We can see that the options written are fairly “loose” being 5.9% out of the money. That simply means that the fund is taking a more risk-on view via its written options because it allows for more equity upside at the expense of the option premium. Simply put, the less out of the money an option is, the higher the delta and premium. If a market is range bound or downward moving, you want a very small number in the “% Out of the Money” section. We feel EXD’s stance is not an appropriate one for 2022 with the figure in the “% Out of the Money” needing to be much lower.

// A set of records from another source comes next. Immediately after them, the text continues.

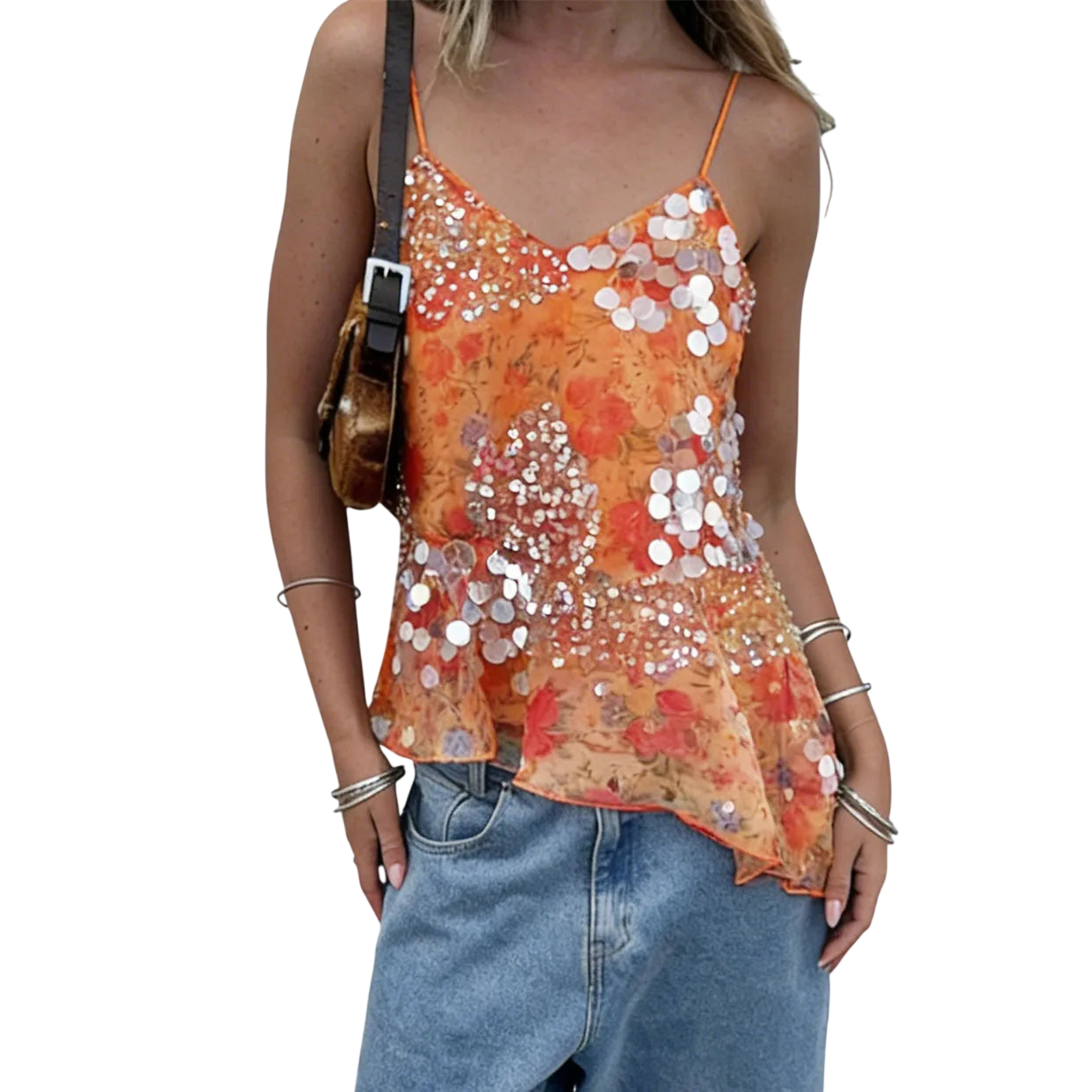 Women's Floral Vintage Tank Top for Vacation Style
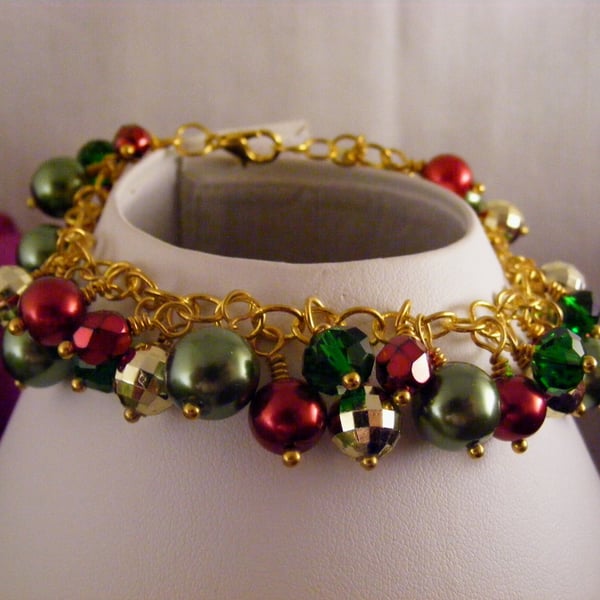 Gold Green and Red Charm Bracelet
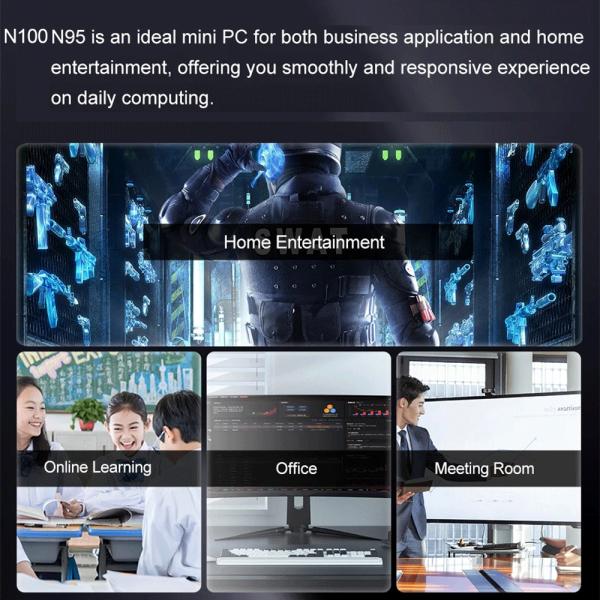 Intel Alder N Lake N95 Mini Computer Dual HDMI Single LAN DDR4 16G Mini PC portátil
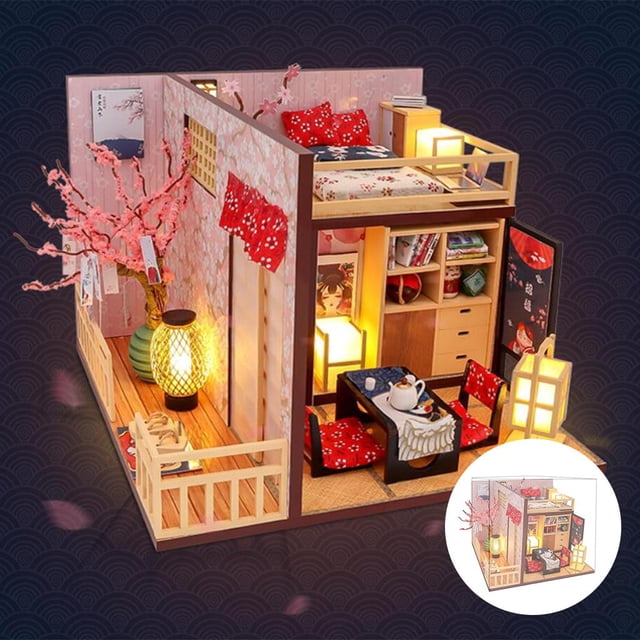 Casa de en miniatura con muebles, Sakura japonesa con muebles LED de juguetes Casa DIY de para del Salvador Casa de muñecas en miniatura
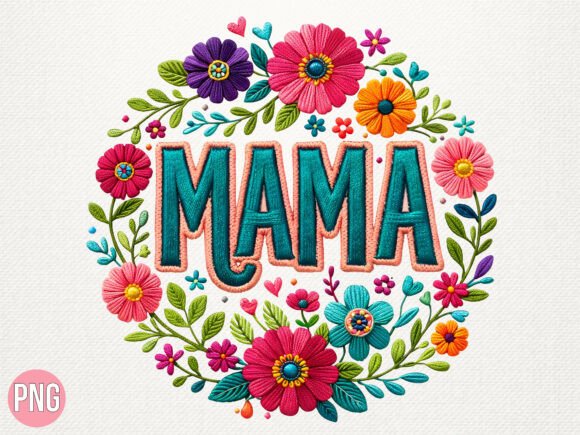 Download Floral Mama Embroidery PNG Mom Shirt PNG - Mama Collection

Investors have been, in our view, overpaying indiscriminately for selling volatility strategies this year. EXD had never traded at premiums to NAV prior to 2021, but in 2022, it has spent most of the time above net asset value. The fund currently trades with a 4.2% premium to net asset value, that was as high as 8% a few weeks back. This is expensive for 5.9%, rolling, out-of-the-money options. Selling volatility has been a very popular trade in 2022, especially in the CEF world. We have seen buy-write funds trade at historic premiums to NAV (as is the case for ETV and ETB, which recorded decade-high premiums to their NAVs in 2022). Some are more warranted than others (i.e., tight, dynamically managed out-of-the-money options, for example). In EXD’s case, we feel the current premium is expensive. The fund is overweight Tech versus the S&P 500 and has a mediocre historic performance. In 2022, it has barely outperformed the S&P 500, while its peers have shown significant outperformance.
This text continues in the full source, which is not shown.